- [Extracted records]:
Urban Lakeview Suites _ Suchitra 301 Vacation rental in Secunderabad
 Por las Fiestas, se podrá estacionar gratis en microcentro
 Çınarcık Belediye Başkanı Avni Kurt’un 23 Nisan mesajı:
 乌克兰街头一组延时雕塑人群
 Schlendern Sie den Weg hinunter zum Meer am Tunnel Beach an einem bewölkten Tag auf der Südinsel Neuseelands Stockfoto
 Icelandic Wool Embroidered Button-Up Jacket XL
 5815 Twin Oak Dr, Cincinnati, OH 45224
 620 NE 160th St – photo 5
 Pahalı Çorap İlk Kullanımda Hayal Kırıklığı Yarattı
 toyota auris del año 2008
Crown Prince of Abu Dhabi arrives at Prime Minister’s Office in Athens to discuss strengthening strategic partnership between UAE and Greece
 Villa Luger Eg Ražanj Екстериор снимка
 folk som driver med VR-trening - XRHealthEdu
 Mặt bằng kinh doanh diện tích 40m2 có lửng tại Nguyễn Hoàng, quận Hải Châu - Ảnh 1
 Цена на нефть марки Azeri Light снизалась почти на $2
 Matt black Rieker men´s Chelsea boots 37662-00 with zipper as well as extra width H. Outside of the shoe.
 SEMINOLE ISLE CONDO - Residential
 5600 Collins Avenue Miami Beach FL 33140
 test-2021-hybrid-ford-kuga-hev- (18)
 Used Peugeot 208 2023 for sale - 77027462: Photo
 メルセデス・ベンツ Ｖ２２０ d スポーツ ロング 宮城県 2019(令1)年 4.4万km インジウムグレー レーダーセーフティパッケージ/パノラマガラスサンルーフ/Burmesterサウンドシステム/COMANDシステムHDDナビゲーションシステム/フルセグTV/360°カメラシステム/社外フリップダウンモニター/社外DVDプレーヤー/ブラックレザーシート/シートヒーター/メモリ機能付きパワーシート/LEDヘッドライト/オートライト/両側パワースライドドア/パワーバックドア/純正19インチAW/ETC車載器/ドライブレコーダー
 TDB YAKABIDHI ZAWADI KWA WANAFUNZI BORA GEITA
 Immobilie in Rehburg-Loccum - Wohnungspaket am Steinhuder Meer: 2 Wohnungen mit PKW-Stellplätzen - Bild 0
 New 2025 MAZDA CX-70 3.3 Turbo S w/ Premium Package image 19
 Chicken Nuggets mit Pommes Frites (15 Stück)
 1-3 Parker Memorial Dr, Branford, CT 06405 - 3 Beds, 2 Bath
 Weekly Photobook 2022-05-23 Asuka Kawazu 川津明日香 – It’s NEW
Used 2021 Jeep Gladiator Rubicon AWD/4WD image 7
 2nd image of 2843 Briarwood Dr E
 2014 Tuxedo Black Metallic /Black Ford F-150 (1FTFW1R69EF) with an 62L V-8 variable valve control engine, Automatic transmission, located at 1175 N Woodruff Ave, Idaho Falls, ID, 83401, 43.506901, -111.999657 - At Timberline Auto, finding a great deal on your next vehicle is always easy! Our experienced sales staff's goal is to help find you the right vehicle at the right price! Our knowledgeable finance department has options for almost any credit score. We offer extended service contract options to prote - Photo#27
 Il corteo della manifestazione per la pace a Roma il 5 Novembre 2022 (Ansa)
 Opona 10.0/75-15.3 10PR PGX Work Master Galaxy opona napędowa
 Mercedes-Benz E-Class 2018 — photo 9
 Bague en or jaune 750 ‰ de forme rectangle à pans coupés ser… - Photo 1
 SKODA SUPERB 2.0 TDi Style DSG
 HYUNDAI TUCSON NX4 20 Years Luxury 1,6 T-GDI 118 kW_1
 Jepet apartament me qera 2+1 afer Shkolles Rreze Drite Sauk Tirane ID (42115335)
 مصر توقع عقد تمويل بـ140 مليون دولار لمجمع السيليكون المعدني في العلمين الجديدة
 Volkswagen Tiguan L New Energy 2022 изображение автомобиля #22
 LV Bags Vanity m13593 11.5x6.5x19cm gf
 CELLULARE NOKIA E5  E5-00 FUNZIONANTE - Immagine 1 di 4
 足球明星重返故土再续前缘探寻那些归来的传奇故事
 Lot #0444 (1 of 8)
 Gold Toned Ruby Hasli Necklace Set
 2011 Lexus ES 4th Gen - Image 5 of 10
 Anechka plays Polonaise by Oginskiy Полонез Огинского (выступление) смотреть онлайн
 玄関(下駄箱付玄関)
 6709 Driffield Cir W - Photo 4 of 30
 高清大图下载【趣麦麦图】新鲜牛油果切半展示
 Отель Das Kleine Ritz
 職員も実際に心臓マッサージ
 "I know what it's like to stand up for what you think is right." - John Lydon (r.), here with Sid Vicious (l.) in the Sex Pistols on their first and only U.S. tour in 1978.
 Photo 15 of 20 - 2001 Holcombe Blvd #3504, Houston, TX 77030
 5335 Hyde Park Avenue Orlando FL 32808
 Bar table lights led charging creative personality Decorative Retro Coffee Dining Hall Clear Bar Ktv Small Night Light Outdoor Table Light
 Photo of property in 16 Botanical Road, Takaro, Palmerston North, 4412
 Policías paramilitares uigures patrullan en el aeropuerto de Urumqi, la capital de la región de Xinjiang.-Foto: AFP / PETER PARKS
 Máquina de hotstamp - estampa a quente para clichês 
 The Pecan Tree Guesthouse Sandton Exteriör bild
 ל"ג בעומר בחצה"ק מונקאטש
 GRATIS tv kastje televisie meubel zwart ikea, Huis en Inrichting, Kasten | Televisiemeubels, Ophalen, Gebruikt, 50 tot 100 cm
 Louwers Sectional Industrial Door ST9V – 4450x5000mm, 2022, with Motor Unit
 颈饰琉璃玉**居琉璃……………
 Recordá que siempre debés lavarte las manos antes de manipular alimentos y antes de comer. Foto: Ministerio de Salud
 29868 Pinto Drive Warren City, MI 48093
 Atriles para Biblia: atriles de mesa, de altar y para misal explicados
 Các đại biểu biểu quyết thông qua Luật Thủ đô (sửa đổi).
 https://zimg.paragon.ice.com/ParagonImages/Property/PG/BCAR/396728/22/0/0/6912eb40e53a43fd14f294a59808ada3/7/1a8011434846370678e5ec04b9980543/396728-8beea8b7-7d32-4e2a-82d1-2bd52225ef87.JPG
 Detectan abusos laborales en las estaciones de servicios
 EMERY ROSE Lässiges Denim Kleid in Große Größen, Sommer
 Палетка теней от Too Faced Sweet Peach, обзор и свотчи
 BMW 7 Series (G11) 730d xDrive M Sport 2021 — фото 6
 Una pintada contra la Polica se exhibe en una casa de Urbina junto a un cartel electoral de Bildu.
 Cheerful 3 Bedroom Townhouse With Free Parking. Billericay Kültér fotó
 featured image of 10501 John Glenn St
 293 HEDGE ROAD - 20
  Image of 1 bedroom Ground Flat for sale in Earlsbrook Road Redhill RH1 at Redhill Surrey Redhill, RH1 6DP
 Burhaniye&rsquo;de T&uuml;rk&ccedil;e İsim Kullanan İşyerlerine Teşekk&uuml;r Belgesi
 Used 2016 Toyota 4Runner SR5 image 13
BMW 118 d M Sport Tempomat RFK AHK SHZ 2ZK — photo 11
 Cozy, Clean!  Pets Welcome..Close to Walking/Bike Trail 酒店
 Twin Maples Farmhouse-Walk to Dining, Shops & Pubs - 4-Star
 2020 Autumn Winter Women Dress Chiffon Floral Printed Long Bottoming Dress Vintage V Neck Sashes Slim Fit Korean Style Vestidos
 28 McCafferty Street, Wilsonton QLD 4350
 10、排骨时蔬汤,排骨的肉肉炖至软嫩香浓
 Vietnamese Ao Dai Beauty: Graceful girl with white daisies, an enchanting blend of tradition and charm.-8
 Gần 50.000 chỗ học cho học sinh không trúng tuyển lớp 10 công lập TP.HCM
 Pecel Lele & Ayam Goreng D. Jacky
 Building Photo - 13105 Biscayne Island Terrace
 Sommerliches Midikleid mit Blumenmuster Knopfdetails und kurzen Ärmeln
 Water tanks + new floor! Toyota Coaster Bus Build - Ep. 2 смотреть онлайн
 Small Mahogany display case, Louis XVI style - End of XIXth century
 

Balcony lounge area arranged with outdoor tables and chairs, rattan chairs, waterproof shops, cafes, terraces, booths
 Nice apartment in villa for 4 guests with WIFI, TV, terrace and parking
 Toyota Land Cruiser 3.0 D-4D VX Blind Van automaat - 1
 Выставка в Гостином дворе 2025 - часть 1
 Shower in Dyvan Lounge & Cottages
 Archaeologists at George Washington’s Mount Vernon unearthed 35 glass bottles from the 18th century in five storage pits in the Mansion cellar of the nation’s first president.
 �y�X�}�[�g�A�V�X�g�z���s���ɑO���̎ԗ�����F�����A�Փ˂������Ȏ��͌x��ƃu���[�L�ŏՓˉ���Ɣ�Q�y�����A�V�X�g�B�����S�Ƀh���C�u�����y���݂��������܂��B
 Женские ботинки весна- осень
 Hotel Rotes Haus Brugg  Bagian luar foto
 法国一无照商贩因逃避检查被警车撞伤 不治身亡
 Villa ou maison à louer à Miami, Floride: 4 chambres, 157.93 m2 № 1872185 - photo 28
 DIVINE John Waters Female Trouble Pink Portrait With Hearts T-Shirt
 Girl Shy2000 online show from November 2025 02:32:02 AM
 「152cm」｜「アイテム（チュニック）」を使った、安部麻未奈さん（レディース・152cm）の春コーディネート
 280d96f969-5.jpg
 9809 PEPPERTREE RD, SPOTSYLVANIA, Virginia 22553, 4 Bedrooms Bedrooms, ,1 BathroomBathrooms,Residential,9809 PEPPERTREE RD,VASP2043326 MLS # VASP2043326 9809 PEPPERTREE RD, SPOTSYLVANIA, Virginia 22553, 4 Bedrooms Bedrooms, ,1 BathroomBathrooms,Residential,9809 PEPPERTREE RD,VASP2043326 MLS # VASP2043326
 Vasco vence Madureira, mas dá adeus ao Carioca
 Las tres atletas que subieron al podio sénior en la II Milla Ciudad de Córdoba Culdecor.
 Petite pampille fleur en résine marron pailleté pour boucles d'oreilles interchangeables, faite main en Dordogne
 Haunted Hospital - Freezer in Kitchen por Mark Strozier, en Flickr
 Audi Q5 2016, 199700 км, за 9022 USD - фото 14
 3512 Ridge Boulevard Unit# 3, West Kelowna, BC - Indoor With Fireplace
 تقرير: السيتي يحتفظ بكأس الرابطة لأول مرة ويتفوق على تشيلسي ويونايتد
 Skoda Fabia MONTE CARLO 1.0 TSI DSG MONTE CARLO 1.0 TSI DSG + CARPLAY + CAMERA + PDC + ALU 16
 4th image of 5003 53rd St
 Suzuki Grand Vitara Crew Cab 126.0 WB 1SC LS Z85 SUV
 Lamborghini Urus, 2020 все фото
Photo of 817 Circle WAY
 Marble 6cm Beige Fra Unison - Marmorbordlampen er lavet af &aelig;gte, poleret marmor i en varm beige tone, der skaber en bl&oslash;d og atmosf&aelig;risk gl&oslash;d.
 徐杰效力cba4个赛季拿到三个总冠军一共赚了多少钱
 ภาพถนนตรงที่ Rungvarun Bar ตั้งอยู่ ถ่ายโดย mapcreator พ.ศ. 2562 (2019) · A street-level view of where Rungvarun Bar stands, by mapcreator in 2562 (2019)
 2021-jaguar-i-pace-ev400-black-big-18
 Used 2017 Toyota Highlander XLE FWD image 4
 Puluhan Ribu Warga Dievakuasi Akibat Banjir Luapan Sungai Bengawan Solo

- [Task details]: Which of the lines above mention the word "pace"? Pull those lines out.

- [Result for this task]:
 Il corteo della manifestazione per la pace a Roma il 5 Novembre 2022 (Ansa)
 2021-jaguar-i-pace-ev400-black-big-18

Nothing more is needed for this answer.